Pada masa pemerintahan Sultan Agung tahun 1613 – 1645 kerajaan Matara mencapai puncak kejayaannya. Cita-citanya yang luhur pada waktu itu ialah menyatukan kerajaan-kerajaan yang ada di Jawa di bawah pimpinan kerajaan Mataram.
Penyebab Mataram menyerang Batavia ialah sebagai berikut :
1. Mengusir penjajah Belanda dari tanah Indonesia
2. Belanda melaksanakan monopoli perdagangan
3. Belanda mering menghalangi perdagangan kerajaan Mataram di Malaka.
Pada tahun 1628 Sulatan Agung melaksanakan penyerangan yang pertama kalinya. Pada penyerangan pertama pasukannya dipimpin oleh Tumenggung Bahurekso lalu penyerangan yang kedua dipimpin oleh Tumenggung Agul-Agul, Kyai Dipatu Upusonto, Dipati Ukur, dan Kyai Dipati Mandurorejo. Serangan-serangan tersebut berakhir dengan kekalahan Mataram.
Secara singkat perlawanan Mataram dilanjutkan penerus raja Sultan Agung yaitu :
1. Trunojoyo
2. Untung Suropati
3. Mangkubumi dan Raden Mas Said
Pada waktu perlawanan Sultan Mangkubumi, ada kesepakatan antara Kerajaan Mataram dengan Belanda yang dikenal dengan nama Perjanjian Giyanti pada tahun 1755 yang berisi :
1. Mataram dibagi menjadi dua yakni Yogyakarta (Mataram Barat) dan Surakarta (Mataram Timur).
2. Kerajaan Mataram Barat dikuasai oleh Mangkubumi sedangkan Mataram Timur dikuasai oleh Paku Buwono.

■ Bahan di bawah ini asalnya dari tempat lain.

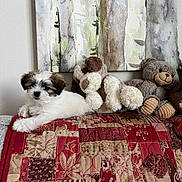 Stella joined the competition — help win amazing prizes! puppy, dog, stuffed_animal, plush_toy, quilt, patchwork, couch, painting, wall_art, indoor, cozy, brown, white, red, pattern, decor, animal, cute, pet, relaxing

Latar belakang perjanjian Giyanti ialah :
Terjadinya kesepakatan antara pihak Belanda (VOC) dengan pihak Mataram yang diwakili oleh Sunan Pakubuwono 3 dan kelompok Mangkubumi lainnya. Pada waktu itu Raden Mas Said atau sebutan dari Pangeran Sambernyawa tidak ikut dalam negosiasi tersebut.
Nama Perjanjian Giyanti ini diambil dari nama daerah terjadinya negosiasi tersebut. Nama tempatnya ialah Desa Giyanti dari ejaan Belanda. Sekarang daerah tersebut berada di dukuh Kerten, Desa Jantiharjo, sebelah Tenggara dari kabupaten Karanganyar, Jawa Tengah.